Aim of the task: From the line that holds "Golden, soft silk" to the last line below, retype everything exactly and nothing else; omit pictures.

Given entries:

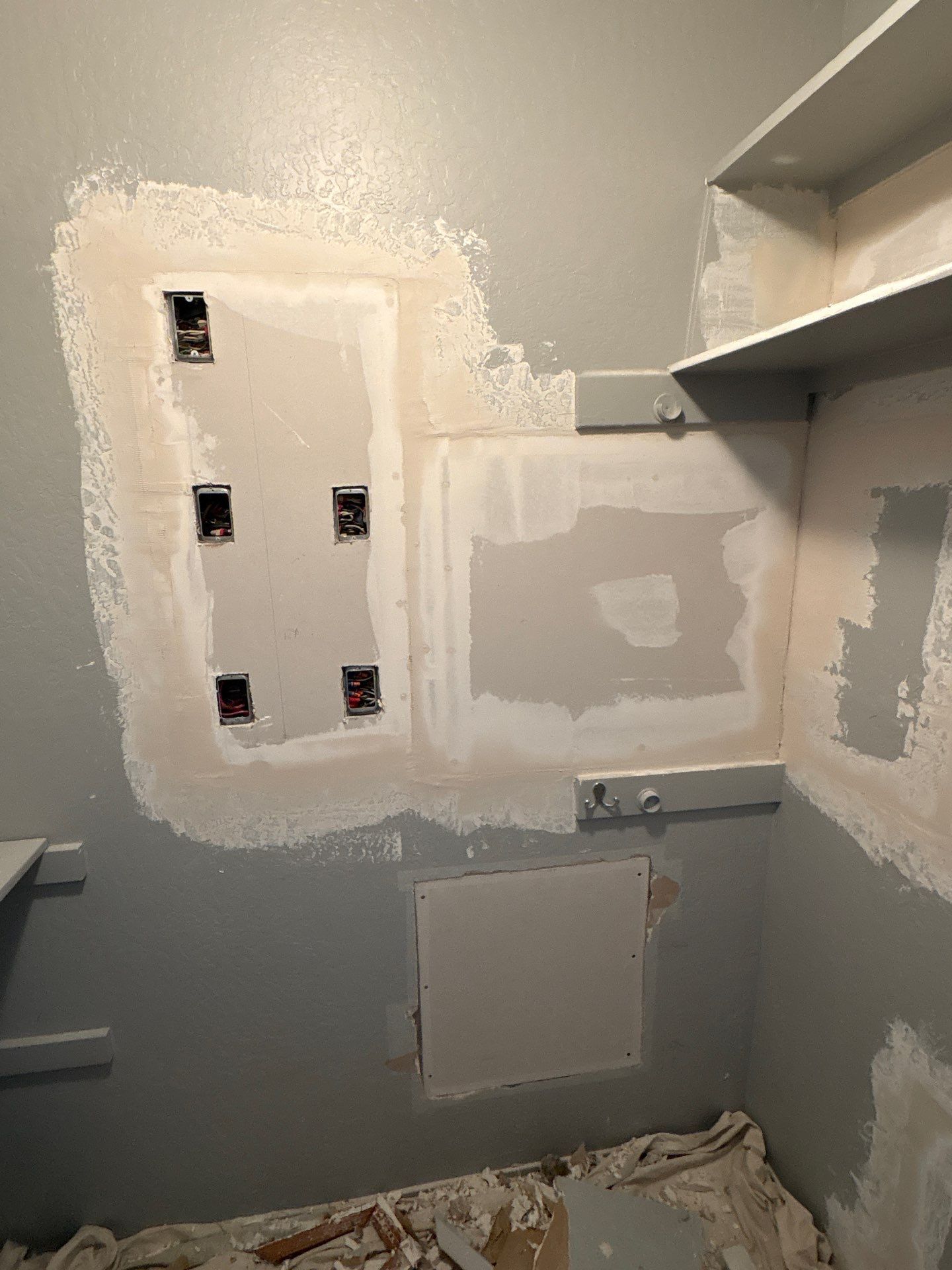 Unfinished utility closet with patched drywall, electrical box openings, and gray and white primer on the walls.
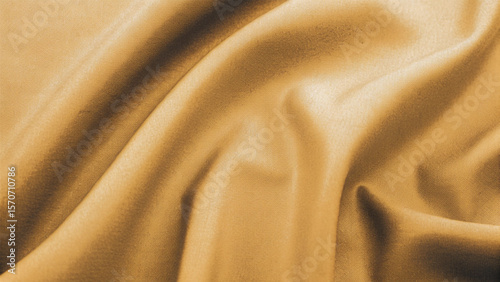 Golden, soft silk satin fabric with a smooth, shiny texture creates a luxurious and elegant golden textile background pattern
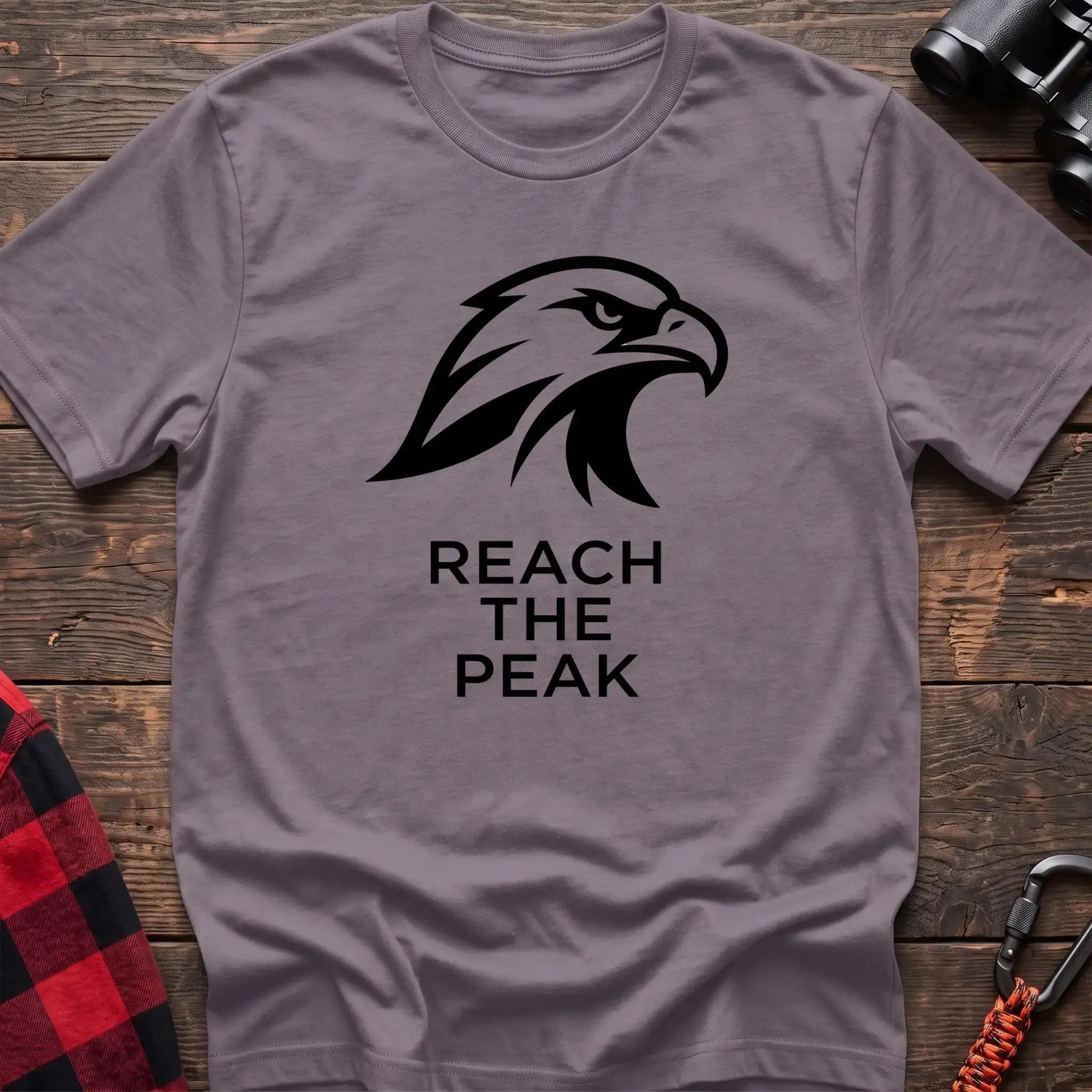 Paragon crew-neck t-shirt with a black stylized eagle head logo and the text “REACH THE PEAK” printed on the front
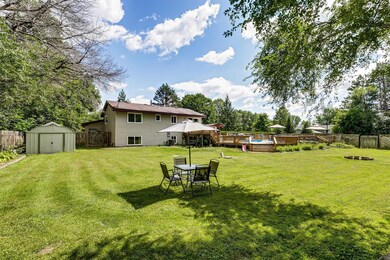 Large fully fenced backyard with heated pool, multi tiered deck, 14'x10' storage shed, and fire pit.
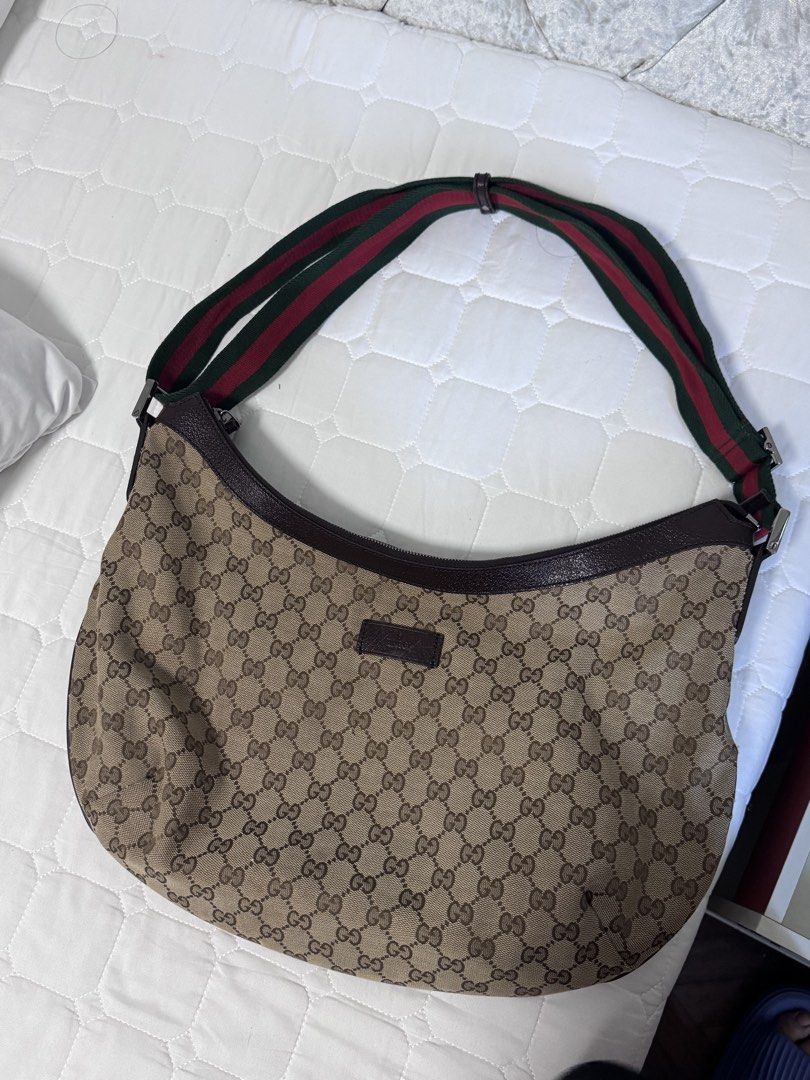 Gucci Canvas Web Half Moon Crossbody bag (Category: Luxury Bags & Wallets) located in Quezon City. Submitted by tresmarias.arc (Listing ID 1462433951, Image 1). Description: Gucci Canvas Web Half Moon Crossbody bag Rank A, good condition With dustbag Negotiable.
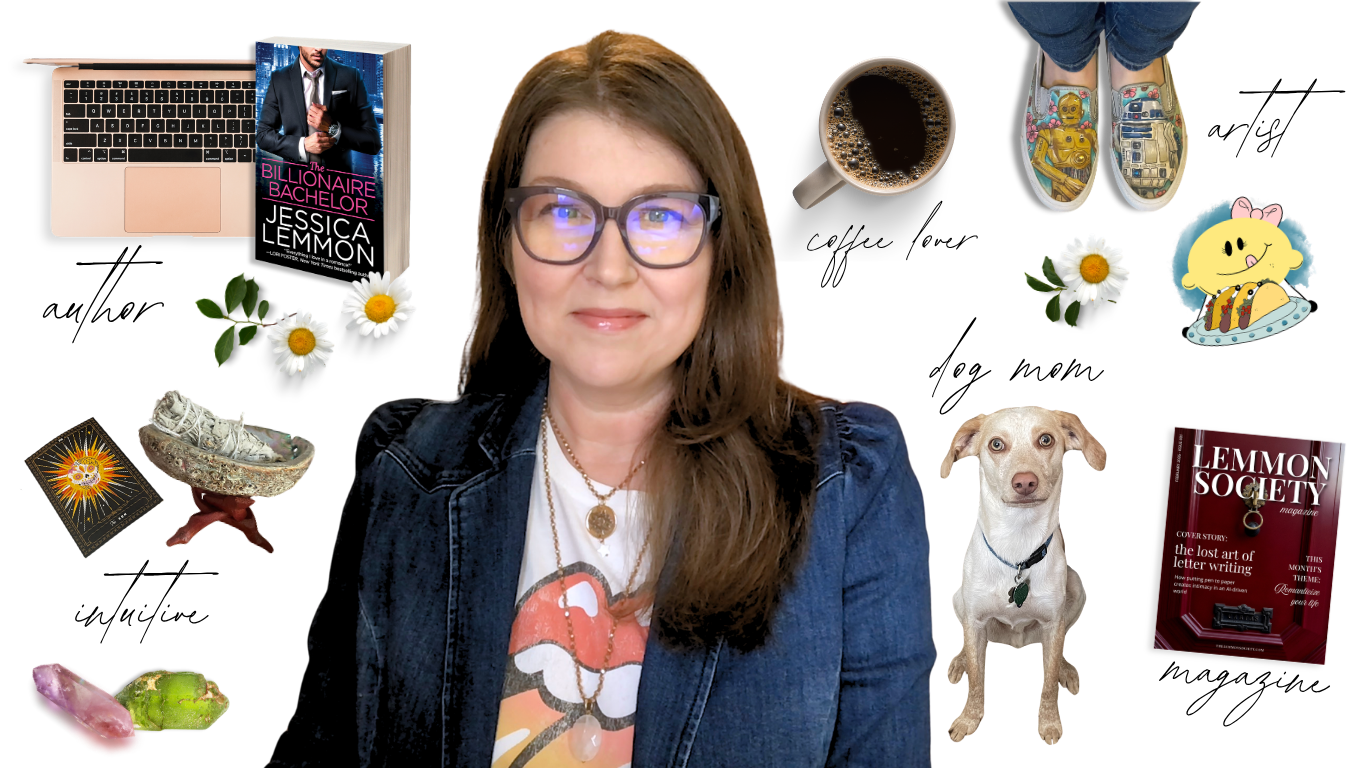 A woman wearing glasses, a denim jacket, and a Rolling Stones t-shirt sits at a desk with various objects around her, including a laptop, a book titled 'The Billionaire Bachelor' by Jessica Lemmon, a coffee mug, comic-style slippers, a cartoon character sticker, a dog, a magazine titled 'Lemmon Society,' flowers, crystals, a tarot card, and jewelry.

Result of this task:
 Golden, soft silk satin fabric with a smooth, shiny texture creates a luxurious and elegant golden textile background pattern
 Paragon crew-neck t-shirt with a black stylized eagle head logo and the text “REACH THE PEAK” printed on the front
 Large fully fenced backyard with heated pool, multi tiered deck, 14'x10' storage shed, and fire pit.
 Gucci Canvas Web Half Moon Crossbody bag (Category: Luxury Bags & Wallets) located in Quezon City. Submitted by tresmarias.arc (Listing ID 1462433951, Image 1). Description: Gucci Canvas Web Half Moon Crossbody bag Rank A, good condition With dustbag Negotiable.
 A woman wearing glasses, a denim jacket, and a Rolling Stones t-shirt sits at a desk with various objects around her, including a laptop, a book titled 'The Billionaire Bachelor' by Jessica Lemmon, a coffee mug, comic-style slippers, a cartoon character sticker, a dog, a magazine titled 'Lemmon Society,' flowers, crystals, a tarot card, and jewelry.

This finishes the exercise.